Les abeilles qui produisent du miel, tout le monde sait ça. Les fourmis qui élèvent des pucerons, aussi. Mais les poissons qui font pousser des légumes ?

"L'aquaponie, c'est une technique que l'on voit surtout aux Etats-Unis, pour cultiver hors-sol. En France, c'est très peu connu", explique Eric Lafarge, 37 ans. Ce jardinier et bricoleur passionné a répondu à un appel à témoignages de Castorama et nous raconte son projet, en direct de son jardin, dans la petite ville de Villefontaine, en Isère

"Vous avez un bac avec des poissons et un bac de culture. Tout fonctionne en circuit fermé. Les poissons émettent des déjections pleines d'azote et de phosphore. Des bactéries transforment ces déchets en engrais pour les plantes et l'eau retourne aux poissons", complète-t-il.

Trois niveaux de croissance dans le bac de culture. © Eric Lafarge

Ce système, il l'a mis en pratique chez lui, à petit échelle, et la symbiose fonctionne bien. Très bien même. "Dans un bac de 2 m² de culture, j'ai ramassé jusqu'à une trentaine de kilos de tomates. J'ai fais des sauces, congelé des tomates, distribué une partie à mes voisins... Ça poussait tellement que je ne savais plus quoi en faire", s'étonne-t-il encore aujourd'hui.

Alors comment s'y est-il pris pour parvenir à un tel résultat, et comment faire pour reproduire la même chose chez vous ?
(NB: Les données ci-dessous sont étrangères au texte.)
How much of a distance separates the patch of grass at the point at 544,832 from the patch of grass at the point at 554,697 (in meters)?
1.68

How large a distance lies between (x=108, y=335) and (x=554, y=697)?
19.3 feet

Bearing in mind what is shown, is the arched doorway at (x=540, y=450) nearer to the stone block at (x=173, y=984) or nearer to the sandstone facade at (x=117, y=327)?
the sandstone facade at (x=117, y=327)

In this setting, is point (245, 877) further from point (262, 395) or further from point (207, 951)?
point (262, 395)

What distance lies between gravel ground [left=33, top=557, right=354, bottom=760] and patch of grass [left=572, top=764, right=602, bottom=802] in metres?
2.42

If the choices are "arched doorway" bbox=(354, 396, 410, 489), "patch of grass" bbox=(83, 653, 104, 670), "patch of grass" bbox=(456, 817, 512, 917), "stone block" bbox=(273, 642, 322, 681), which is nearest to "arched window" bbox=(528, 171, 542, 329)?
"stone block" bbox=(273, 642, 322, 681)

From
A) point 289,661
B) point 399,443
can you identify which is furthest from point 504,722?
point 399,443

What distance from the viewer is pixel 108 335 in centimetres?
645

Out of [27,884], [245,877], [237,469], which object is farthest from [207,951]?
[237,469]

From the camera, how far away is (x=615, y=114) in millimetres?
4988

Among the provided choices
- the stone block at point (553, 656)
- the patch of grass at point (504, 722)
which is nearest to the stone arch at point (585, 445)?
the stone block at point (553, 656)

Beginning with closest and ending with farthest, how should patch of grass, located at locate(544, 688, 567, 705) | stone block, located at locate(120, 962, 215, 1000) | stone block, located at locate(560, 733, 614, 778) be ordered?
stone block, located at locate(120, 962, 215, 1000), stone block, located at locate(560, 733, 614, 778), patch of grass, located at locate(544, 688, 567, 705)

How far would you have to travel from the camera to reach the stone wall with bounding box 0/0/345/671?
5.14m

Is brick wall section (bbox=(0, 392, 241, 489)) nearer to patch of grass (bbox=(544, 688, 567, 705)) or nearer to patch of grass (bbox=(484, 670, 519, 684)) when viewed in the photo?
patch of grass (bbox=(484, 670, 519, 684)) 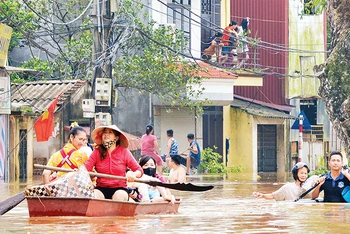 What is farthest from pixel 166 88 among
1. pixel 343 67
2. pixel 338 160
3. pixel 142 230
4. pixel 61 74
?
pixel 142 230

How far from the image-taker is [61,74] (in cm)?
3547

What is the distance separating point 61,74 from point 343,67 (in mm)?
13223

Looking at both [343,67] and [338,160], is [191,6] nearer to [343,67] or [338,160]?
[343,67]

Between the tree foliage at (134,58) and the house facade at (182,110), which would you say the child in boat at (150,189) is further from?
the house facade at (182,110)

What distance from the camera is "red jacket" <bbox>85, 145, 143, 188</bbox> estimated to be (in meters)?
13.4

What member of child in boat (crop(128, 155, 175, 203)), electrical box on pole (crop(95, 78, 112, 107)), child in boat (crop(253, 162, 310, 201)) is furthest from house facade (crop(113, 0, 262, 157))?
child in boat (crop(128, 155, 175, 203))

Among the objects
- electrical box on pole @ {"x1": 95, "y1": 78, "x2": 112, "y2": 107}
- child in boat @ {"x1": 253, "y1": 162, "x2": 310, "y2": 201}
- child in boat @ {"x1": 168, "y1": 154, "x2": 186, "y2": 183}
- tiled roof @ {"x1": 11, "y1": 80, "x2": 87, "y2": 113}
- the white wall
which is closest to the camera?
child in boat @ {"x1": 253, "y1": 162, "x2": 310, "y2": 201}

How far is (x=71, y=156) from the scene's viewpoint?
1426 cm

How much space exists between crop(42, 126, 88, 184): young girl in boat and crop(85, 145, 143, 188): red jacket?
0.86m

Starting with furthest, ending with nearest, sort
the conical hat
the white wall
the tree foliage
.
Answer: the white wall < the tree foliage < the conical hat

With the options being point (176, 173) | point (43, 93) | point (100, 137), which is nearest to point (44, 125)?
point (43, 93)

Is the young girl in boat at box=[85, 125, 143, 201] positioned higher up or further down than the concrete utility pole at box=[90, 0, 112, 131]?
further down

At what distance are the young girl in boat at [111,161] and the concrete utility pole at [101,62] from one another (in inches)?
473

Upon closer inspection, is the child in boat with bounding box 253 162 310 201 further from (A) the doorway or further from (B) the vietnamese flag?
(A) the doorway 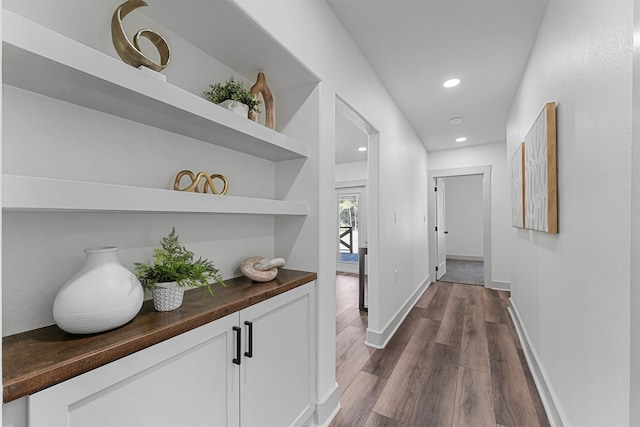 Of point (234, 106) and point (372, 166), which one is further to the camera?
point (372, 166)

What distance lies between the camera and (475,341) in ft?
8.85

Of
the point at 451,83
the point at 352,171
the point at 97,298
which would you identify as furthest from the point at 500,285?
the point at 97,298

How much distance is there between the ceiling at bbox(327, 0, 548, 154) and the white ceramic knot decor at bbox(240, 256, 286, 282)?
1616 millimetres

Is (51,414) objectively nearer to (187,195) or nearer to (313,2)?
(187,195)

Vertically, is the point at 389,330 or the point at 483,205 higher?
the point at 483,205

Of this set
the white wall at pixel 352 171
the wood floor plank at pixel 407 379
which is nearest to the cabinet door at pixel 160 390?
the wood floor plank at pixel 407 379

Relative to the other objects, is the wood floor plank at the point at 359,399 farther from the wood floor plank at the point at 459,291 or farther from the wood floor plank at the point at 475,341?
the wood floor plank at the point at 459,291

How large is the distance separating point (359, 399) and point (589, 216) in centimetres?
165

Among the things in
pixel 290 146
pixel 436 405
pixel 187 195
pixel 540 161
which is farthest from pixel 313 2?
pixel 436 405

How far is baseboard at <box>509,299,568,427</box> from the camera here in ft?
5.24

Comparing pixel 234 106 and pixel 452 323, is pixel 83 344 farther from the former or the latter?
pixel 452 323

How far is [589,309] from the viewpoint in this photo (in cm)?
119

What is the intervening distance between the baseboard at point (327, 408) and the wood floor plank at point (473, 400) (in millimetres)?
688

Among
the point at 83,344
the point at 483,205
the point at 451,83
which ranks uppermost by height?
the point at 451,83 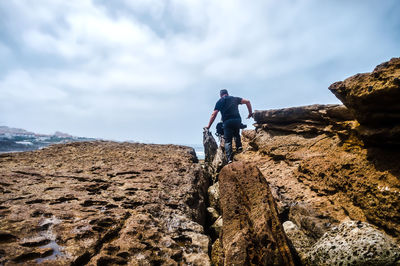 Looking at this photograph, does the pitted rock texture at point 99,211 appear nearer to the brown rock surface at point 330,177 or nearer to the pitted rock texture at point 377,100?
the brown rock surface at point 330,177

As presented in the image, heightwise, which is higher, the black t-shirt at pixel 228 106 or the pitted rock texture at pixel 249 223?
the black t-shirt at pixel 228 106

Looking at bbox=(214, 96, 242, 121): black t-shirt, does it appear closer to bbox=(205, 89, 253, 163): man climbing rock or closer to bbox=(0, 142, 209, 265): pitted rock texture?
bbox=(205, 89, 253, 163): man climbing rock

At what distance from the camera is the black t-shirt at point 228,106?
782 cm

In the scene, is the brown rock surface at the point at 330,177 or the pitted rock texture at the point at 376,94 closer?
the pitted rock texture at the point at 376,94

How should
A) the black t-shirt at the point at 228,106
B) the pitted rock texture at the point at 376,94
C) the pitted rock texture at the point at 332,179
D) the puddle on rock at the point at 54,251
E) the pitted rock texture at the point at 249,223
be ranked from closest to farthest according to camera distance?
1. the puddle on rock at the point at 54,251
2. the pitted rock texture at the point at 249,223
3. the pitted rock texture at the point at 376,94
4. the pitted rock texture at the point at 332,179
5. the black t-shirt at the point at 228,106

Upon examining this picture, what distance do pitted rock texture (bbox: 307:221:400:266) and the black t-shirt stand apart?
18.4 feet

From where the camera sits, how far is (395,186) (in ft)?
9.62

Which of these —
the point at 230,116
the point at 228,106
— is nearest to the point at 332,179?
the point at 230,116

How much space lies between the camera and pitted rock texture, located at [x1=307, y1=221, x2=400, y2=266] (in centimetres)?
218

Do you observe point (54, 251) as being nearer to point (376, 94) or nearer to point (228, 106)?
point (376, 94)

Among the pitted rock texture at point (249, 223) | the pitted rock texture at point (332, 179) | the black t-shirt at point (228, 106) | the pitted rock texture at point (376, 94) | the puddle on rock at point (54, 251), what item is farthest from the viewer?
the black t-shirt at point (228, 106)

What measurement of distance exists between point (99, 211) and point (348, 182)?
193 inches

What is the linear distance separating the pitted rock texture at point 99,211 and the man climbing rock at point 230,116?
203 cm

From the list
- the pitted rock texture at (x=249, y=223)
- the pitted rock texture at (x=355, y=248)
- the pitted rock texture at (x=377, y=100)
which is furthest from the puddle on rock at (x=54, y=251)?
the pitted rock texture at (x=377, y=100) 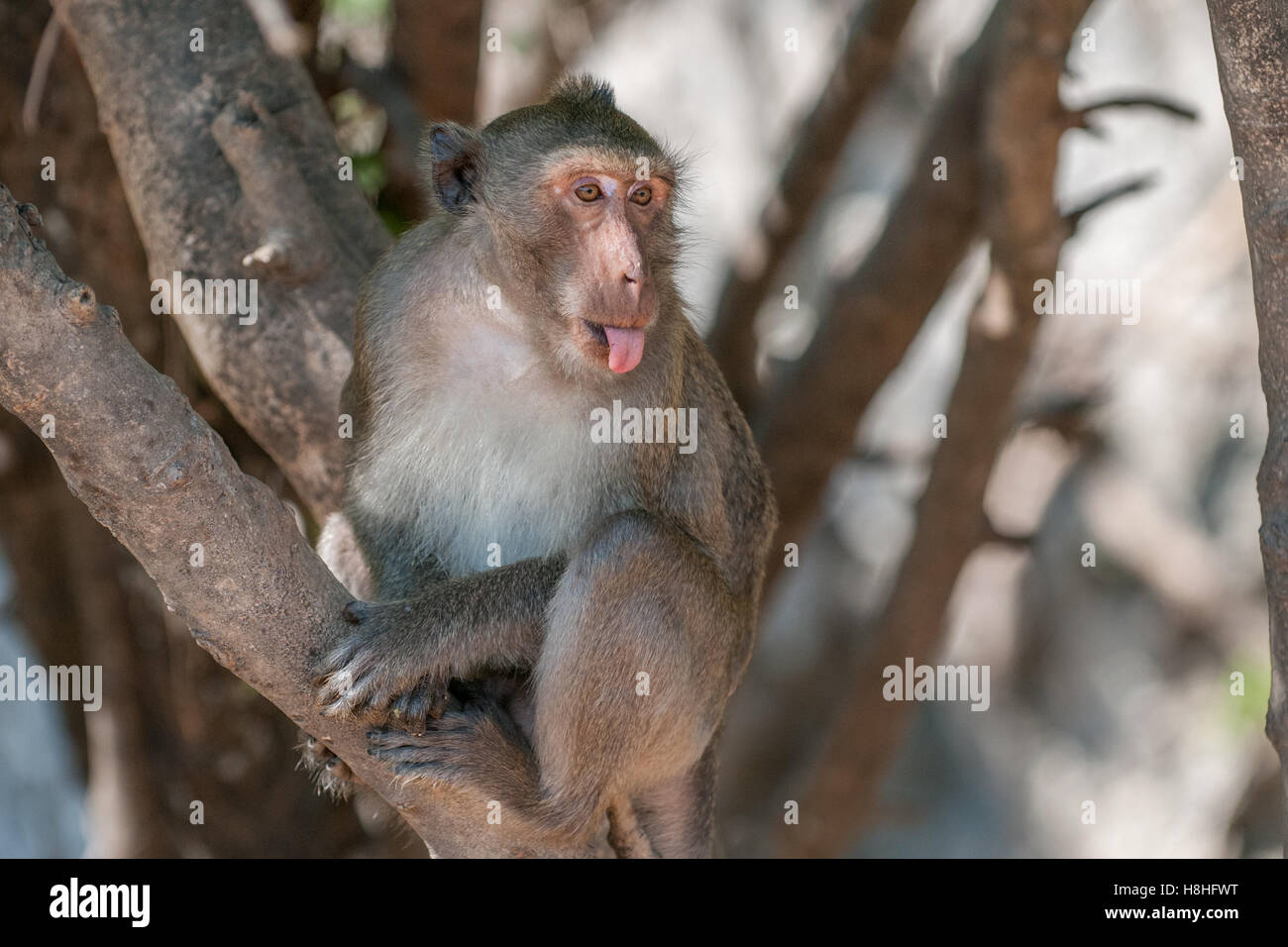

Comprendre le fonctionnement de l'aquaponie
© Schéma par la start-up Risebox, qui voulait commercialiser des potagers aquaponiques en kit.  

Un potager aquaponique fait-maison et pas cher

D'abord, pourquoi se lancer dans l'aquaponie ? Par curiosité, goût du bricolage et de l'expérimentation. C'est aussi une solution lorsqu'on ne peut pas cultiver en pleine terre. Eric a commencé à s'y intéresser alors qu'il vivait en appartement. Il envisageait alors de cultiver en aquaponie à partir d'un aquarium d'intérieur. Finalement, lorsqu'il a pu emménager dans une maison avec jardin, il s'est lancé dans un projet plus ambitieux, à partir d'une cuve en plastique de 2000 L, abandonnée sur son terrain.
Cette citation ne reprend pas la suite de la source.